Perciò nessuna pietà, nessuna democrazia, nessuna generosità, anzi un surplus di sicurezza e di protezione: con più armi, più prigioni, più centri di detenzione, più videocamere di sorveglianza, anche «sulla divisa degli agenti, nelle scuole o sulle autovetture» (è sempre il Nostro) e, dove non è possibile, più espulsioni, fino a costellare l’Europa e i suoi mari di quelle “navi dei folli” che tanto raccapriccio ci avevano dato nei dipinti di Sebastian Brand e di Hyeronimus Bosch, navi spettrali che non potevano attraccare fino alla morte di tutti quelli che portavano: stranieri, irregolari, strani, delinquenti, malati, eretici ma anche sovversivi e oppositori di una politica che si faceva Fortezza.
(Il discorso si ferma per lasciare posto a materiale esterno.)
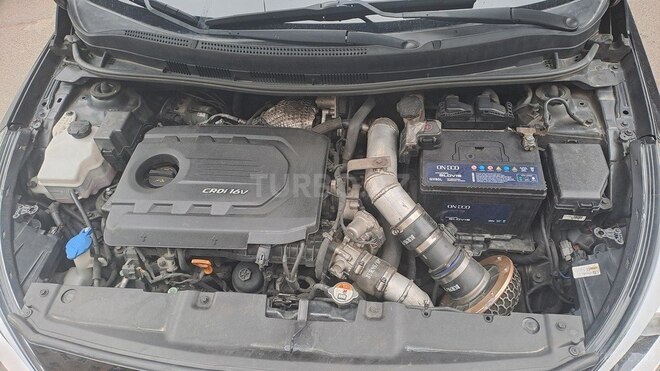 Hyundai Accent-6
Più difficile invece vedere la clustrofilia nel corredo pulsionale 5Stelle, ma fortunatamente ci illumina l’intervista del giovane Casaleggio, già presidente, tesoriere e amministratore unico, della Piattaforma Rousseau: potenzialmente è accessibile a tutti, ma pochi, anzi praticamente uno (lui), può controllare i flussi, le decisioni, le procedure, tra cui le votazioni sia interne che elettorali.

Il giovane Casaleggio però non ha inventato nulla ed essendo la claustrofilia una forma di odio per la madre in cui ci si è autoreclusi, ha rispolverato una proposta del padre già espressa nel 2008 , nella “Piattaforma Gaia”, un altro sistema digitale pensato dal Movimento in forma video, in cui si prediceva un avvenire prossimo futuro senza la democrazia rappresentativa parlamentare ma con una democrazia diretta digitale dove ciascuno, ben protetto in una Rete, avrebbe potuto decidere su tutto, compreso il Governo Mondiale.
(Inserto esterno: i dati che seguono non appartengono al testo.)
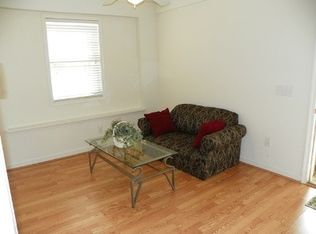 302 14th St NW APT B, Charlottesville, VA 22903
Per far sì che ciò accada dovrà essere però riformulato il sistema dei diritti universali e mettere al primo posto il “diritto di cittadinanza digitale” a cui potrà accedere ogni abitante della terra (Gaia appunto), semplicemente dotandosi di un account.
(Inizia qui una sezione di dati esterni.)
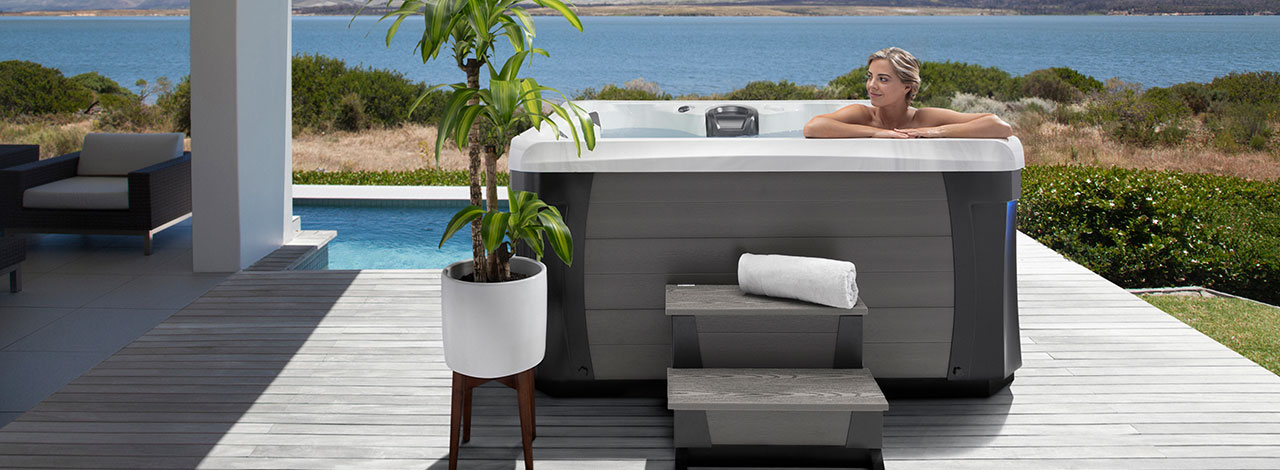 beauty image showing 4 person hot tubs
La proposta, dice Marco Revelli, è veramente sgangherata; in realtà è assai pericolosa perché amplifica quell’”effetto scafandro” che tanto piace alla nostra epoca del totalitarismo digitale. E’ un effetto , come spiegava con preveggenza Roland Barthes, che spinge a finire autoreclusi in un computer, uno strumento che «sa trasformarsi in una caverna adorabile o in un sottomarino da dove è possibile vedere, dietro un vetro la realtà».

Dentro quel sottomarino, in quella caverna, ci si sta bene perché si può vedere l’esterno, il tempo, la storia, la relazione, i corpi, senza che però ti possano raggiungere e toccare. L’abbandono non ti può toccare dentro quello schermo, la morte non ti può toccare, dato che sei un mero spettatore. Così il “piacere dell’occhio”, piacere di chi, sulla salda riva visiva è a distanza di sicurezza, si sostituisce ad ogni altro piacere, in particolare all’eros e all’incontro; dimodocchè sulla riva, oltre la protezione, si sperimenta il deserto, «il deserto della realtà», come lo chiama Baudrillard, dove tutta la vita diventa un simulacro e una simulazione.

Al trionfo della claustrofilia, bisogna opporre il sentimento dell’agorafilia, l’amore per la piazza dove i giovani si toccano e si scambiano sguardi senza la mediazione del telefonino, la piazza dove i bambini giocano e i vecchi e le vecchie raccontano e dove Socrate insegna senza le slides. Ma soprattutto la piazza degli incontri e degli scontri di idee, la piazza dei comizi e delle belle bandiere. E così la sinistra l’amore per la piazza dovrebbe metterlo negli statuti dei propri partiti scrivendo esplicitamente, nell’art.1: «Chi vuole aderire a questa formazione ha l’obbligo di andare all’aria aperta almeno cinque giorni a settimana».